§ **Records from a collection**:
===============

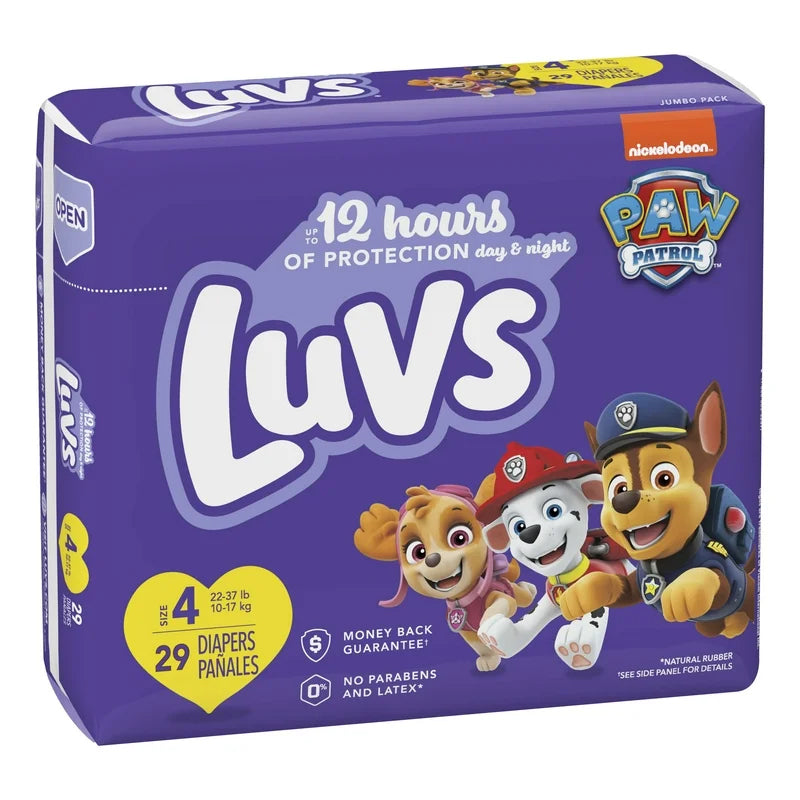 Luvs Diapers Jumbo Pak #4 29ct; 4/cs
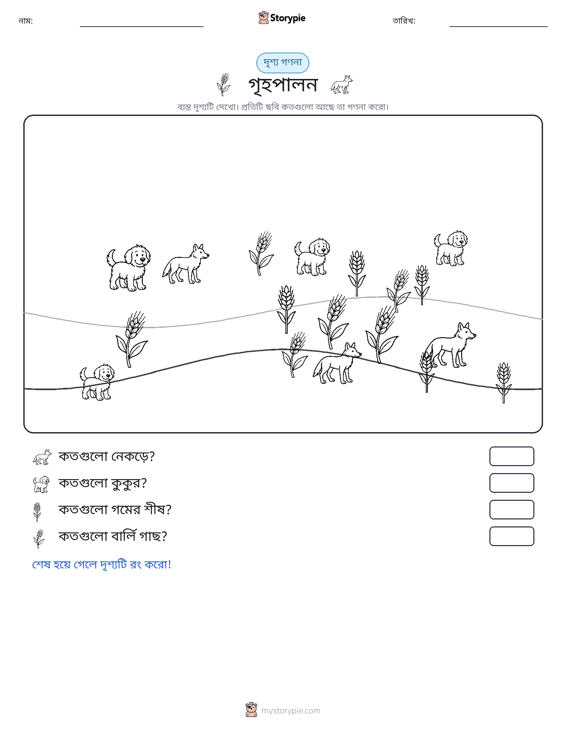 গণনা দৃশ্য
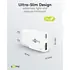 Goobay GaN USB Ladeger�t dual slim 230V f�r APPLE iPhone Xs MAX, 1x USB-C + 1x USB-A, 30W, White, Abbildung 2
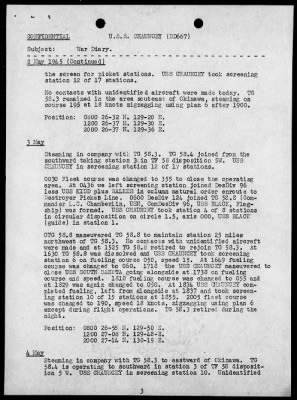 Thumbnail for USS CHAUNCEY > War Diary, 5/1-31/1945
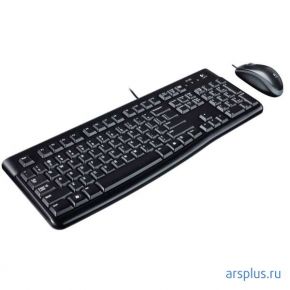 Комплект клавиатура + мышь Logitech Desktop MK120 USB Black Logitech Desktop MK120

===============

§ **REQUIRED WORK**:
Copy the entries above verbatim. Pictures do not belong in the copy.

§ **WRITTEN RESPONSE**:
 Luvs Diapers Jumbo Pak #4 29ct; 4/cs
 গণনা দৃশ্য
 Goobay GaN USB Ladeger�t dual slim 230V f�r APPLE iPhone Xs MAX, 1x USB-C + 1x USB-A, 30W, White, Abbildung 2
 Thumbnail for USS CHAUNCEY > War Diary, 5/1-31/1945
 Комплект клавиатура + мышь Logitech Desktop MK120 USB Black Logitech Desktop MK120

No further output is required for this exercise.